Una mañana cualquiera se convierte en el umbral de una nueva vida. En el trayecto hacia el hospital, entre la urgencia y la ternura, Cristina y Alberto atraviesan uno de los momentos más intensos y frágiles que puede ofrecer la existencia. Mientras todo parece ocurrir a simple vista, hay presencias que acompañan en silencio, sin ser vistas, pero dejando huella. Un relato sobre el amor, la espera y los hilos invisibles que protegen lo verdaderamente importante.

Ángel de mi Guarda

Una tranquila noche otoñal, Javier y Ana disfrutan de una cena familiar con sus niños en su casa de campo. Sin embargo, una circunstancia desencadena una serie de eventos inesperados que los pone al borde de la tragedia.

La decisión

Bárbara y Malena viajan por una carretera solitaria hacia sus ansiadas vacaciones, pero surge un imprevisto. Un encuentro oportuno con un motorista en la soledad de lo ocurrido sugiere que, aunque ellas crean ser dueñas de su destino, algo invisible podría estar observando, guiando sus pasos de una forma que no logran comprender del todo. Mientras avanzan los hechos, se hace patente que, tal vez, no todo lo que ocurre está completamente bajo su control.

Maltrato

Una mujer prepara la comida en la tranquilidad de su cocina, mientras su marido llega a casa reclamando la comida en la mesa. Un incidente inesperado altera la calma, y pronto la situación se vuelve incontrolable. La tensión crece rápidamente, los gritos se elevan, y el ambiente se hace irrespirable. Un giro en los acontecimientos determinará el destino de cada uno de ellos, y aunque no perciban presencia alguna, algo vela en silencio desde los rincones de aquella casa.

La vuelta

Gisela se encuentra perdida en una playa extraña, sin recuerdos de cómo llegó allí. Un misterioso ser aparece a su lado, hablándole con calma mientras la rodea una atmósfera inquietante. A medida que el entorno se vuelve más surrealista, lucha con su confusión y el desconcierto de no saber qué está sucediendo. Sin saber si confiar en aquella aparición o en sus propios instintos, se enfrenta a una elección que podría cambiarlo todo.

La cita

En una cafetería cualquiera, Patricia y Andrés se encuentran en una cita a ciegas. A medida que pasa el tiempo, entre miradas, silencios y una charla informal, surge una conexión teñida por la sensación de que sus destinos pueden estar escritos, y de que no todo lo que ocurre en la vida es fortuito. A veces, basta con sentarse en la mesa correcta, en el momento adecuado, para que algo empiece.

Buenos deseos

Durante su primer turno en la Academia Estrella Azul, François Lacroix, el nuevo guarda nocturno, recorre los pasillos del edificio con la inquietud de lo desconocido. Mientras la noche avanza, extraños murmullos corales y una atmósfera envolvente lo conducen hasta el estudio de danza, donde una fuerza invisible lo sumerge en un profundo sueño. Al despertar, sin recordar nada de lo sucedido, una inusitada sensación de paz lo invade. ¿Fue solo un sueño... o algo más velado y prodigioso se manifiesta entre las paredes de la Academia?

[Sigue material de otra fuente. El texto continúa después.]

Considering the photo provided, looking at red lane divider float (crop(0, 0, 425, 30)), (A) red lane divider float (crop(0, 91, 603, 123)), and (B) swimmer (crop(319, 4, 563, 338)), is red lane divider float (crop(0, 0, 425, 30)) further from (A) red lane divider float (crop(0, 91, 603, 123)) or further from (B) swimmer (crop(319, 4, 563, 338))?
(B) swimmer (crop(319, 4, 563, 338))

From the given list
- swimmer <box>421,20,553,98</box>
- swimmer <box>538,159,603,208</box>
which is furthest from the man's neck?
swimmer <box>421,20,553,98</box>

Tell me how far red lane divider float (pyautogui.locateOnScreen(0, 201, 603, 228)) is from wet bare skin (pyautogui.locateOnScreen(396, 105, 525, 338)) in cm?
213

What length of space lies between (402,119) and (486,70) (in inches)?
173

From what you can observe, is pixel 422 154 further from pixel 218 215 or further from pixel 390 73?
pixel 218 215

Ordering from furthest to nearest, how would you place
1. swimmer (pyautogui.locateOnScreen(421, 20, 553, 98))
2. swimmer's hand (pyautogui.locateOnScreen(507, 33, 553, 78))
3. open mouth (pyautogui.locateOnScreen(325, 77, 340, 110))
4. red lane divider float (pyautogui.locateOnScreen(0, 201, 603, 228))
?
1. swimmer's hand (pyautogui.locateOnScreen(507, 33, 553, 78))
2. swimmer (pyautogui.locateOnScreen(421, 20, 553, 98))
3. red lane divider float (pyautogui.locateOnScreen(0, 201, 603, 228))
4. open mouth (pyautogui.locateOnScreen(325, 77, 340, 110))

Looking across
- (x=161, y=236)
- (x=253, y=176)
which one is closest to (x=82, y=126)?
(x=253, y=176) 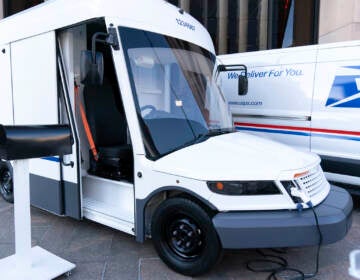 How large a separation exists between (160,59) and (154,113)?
1.88 feet

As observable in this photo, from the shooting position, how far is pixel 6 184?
17.4 ft

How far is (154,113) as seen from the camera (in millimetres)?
3340

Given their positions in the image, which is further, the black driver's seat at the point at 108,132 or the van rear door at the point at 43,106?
the black driver's seat at the point at 108,132

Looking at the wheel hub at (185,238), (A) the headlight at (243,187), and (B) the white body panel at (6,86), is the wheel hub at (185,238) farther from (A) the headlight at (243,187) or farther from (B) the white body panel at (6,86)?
(B) the white body panel at (6,86)

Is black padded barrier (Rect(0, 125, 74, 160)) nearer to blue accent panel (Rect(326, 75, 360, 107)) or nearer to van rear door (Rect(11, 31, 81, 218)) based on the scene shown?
van rear door (Rect(11, 31, 81, 218))

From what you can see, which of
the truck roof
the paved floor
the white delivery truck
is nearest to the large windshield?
the white delivery truck

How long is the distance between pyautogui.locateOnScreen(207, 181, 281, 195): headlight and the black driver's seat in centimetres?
141

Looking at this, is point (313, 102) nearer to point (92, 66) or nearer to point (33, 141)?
point (92, 66)

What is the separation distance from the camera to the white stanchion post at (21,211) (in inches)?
114

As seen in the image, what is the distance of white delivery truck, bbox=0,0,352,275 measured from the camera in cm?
288

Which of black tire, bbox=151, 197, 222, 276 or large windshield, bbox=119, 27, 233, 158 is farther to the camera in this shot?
large windshield, bbox=119, 27, 233, 158

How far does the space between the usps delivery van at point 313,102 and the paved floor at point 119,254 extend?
1.08 m

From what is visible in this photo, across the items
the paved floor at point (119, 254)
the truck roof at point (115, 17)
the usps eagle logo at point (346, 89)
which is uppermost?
the truck roof at point (115, 17)

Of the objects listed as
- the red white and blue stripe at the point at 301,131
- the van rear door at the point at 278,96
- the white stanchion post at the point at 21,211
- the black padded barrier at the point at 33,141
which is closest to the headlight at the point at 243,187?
the black padded barrier at the point at 33,141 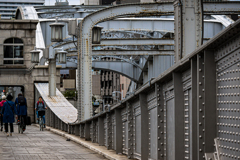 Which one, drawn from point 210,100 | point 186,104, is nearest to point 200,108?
point 210,100

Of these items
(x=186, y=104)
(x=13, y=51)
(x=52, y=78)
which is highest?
(x=13, y=51)

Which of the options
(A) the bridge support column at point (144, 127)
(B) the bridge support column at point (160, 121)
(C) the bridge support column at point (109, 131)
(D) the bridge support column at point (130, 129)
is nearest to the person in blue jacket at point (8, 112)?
(C) the bridge support column at point (109, 131)

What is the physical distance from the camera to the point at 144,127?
33.8ft

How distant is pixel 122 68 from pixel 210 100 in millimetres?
61870

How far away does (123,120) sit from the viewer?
12406 millimetres

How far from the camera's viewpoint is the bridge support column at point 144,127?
10250 mm

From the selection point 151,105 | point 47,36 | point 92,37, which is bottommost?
point 151,105

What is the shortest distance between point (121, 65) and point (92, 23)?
168 feet

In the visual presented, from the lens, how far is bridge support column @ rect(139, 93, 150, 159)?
10250 millimetres

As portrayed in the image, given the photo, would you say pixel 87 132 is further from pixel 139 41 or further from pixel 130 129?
pixel 139 41

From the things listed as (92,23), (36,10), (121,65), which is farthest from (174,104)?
(121,65)

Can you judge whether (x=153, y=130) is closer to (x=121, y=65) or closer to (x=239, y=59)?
(x=239, y=59)

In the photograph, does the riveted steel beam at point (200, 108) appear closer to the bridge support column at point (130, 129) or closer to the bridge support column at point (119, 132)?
the bridge support column at point (130, 129)

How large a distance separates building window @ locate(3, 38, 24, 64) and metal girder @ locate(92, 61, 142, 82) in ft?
115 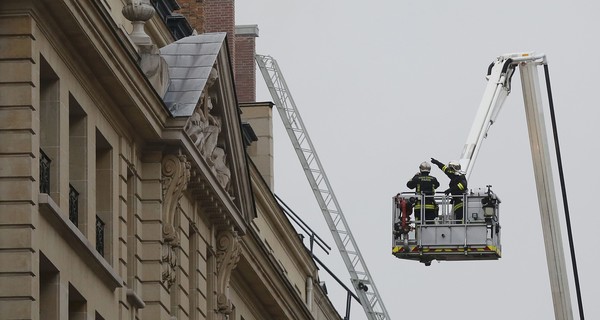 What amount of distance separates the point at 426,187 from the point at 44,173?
23.1m

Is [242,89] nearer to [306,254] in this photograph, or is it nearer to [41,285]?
[306,254]

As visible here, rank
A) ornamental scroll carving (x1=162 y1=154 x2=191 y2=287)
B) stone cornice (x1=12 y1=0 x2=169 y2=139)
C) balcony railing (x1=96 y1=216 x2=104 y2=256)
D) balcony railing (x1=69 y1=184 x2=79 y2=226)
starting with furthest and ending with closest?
ornamental scroll carving (x1=162 y1=154 x2=191 y2=287)
balcony railing (x1=96 y1=216 x2=104 y2=256)
balcony railing (x1=69 y1=184 x2=79 y2=226)
stone cornice (x1=12 y1=0 x2=169 y2=139)

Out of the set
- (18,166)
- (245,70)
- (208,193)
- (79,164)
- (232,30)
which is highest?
(245,70)

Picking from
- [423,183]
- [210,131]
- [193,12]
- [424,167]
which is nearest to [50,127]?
[210,131]

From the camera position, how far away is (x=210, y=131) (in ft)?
181

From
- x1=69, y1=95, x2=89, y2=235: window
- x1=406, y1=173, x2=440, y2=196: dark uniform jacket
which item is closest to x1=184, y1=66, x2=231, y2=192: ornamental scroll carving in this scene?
x1=69, y1=95, x2=89, y2=235: window

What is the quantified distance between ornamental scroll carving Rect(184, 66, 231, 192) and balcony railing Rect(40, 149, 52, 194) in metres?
7.68

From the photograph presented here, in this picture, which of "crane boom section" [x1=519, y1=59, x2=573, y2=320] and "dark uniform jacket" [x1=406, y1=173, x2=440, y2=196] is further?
"crane boom section" [x1=519, y1=59, x2=573, y2=320]

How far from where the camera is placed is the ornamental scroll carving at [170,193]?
51625mm

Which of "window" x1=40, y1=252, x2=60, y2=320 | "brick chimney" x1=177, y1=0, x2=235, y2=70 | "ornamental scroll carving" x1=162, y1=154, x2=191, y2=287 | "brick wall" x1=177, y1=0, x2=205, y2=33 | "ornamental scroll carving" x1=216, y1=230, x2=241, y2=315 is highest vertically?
"brick chimney" x1=177, y1=0, x2=235, y2=70

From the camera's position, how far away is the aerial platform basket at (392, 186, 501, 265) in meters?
65.6

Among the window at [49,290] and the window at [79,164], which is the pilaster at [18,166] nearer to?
the window at [49,290]

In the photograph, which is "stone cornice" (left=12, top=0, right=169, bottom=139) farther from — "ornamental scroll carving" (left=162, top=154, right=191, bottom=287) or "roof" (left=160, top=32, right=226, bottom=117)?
"roof" (left=160, top=32, right=226, bottom=117)

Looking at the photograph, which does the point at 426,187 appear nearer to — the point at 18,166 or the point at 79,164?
the point at 79,164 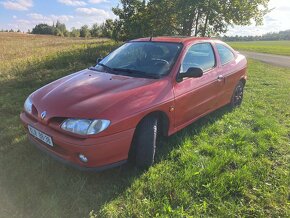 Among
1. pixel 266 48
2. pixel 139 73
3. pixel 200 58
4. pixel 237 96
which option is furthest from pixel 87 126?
pixel 266 48

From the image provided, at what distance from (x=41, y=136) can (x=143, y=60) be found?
5.92ft

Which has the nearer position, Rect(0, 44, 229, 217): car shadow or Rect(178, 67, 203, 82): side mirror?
Rect(0, 44, 229, 217): car shadow

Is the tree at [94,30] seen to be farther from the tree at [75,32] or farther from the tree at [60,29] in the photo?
the tree at [60,29]

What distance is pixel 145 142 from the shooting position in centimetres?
345

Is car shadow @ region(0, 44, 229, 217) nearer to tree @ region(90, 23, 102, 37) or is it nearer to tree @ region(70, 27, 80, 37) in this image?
tree @ region(90, 23, 102, 37)

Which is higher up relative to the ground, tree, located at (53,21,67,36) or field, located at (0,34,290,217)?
field, located at (0,34,290,217)

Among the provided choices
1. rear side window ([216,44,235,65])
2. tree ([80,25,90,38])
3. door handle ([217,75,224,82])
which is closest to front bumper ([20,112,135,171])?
door handle ([217,75,224,82])

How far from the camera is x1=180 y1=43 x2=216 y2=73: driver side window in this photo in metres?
4.29

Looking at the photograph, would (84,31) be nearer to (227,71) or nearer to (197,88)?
(227,71)

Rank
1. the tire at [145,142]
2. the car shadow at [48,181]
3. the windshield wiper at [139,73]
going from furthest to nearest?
the windshield wiper at [139,73], the tire at [145,142], the car shadow at [48,181]

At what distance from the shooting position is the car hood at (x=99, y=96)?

El reloj de la mesita de noche marcaba las seis y cincuenta y nueve. Alberto dormía a pierna suelta, con la boca semiabierta, emitiendo un plácido susurro cada vez que respiraba. A su lado, Cristina había cambiado de lado por quinta vez en la última hora. La almohada entre sus piernas ya no era suficiente para calmar la presión en la cadera. Era como si en su interior el bebé participara en un concurso de break dance. Entre respiraciones profundas y una mano en la panza, intentaba dormitar unos minutos más. Pero el tiempo seguía su curso y el sonido del despertador resonó en la estancia con los dígitos del reloj marcando las siete en punto.

Cristina resopló quejumbrosa.

—Alberto, anda, despierta y apaga esa tortura de sonido —ordenó desesperada, mientras se tapaba los oídos con la almohada de su cabeza.

Alberto se ladeó y extendió el brazo tanteando el aire hasta dar con el despertador, consiguiéndolo apagar tras el tercer intento. Se sentó poniendo los pies en el suelo, chasqueó la lengua, se humedeció los labios y se pasó la mano por la nuca dándose un breve masaje. Después dio media vuelta y se acercó a Cristina que aún tenía la almohada sobre su cara.

—Buenos días… —la saludó cariñosamente, mientras intentaba levantar la almohada y darle un beso.

Ahí estaba ella, con el rostro adormilado y una ceja en alto, como si el mundo ya le debiera explicaciones.

Alberto consiguió darle el beso matutino en algún punto aleatorio de su rostro medio tapado y se levantó en dirección al baño.

Cristina se ladeó hacia la izquierda, su postura favorita, la que más le aliviaba la presión desde que su barriga comenzó a expandirse exponencialmente.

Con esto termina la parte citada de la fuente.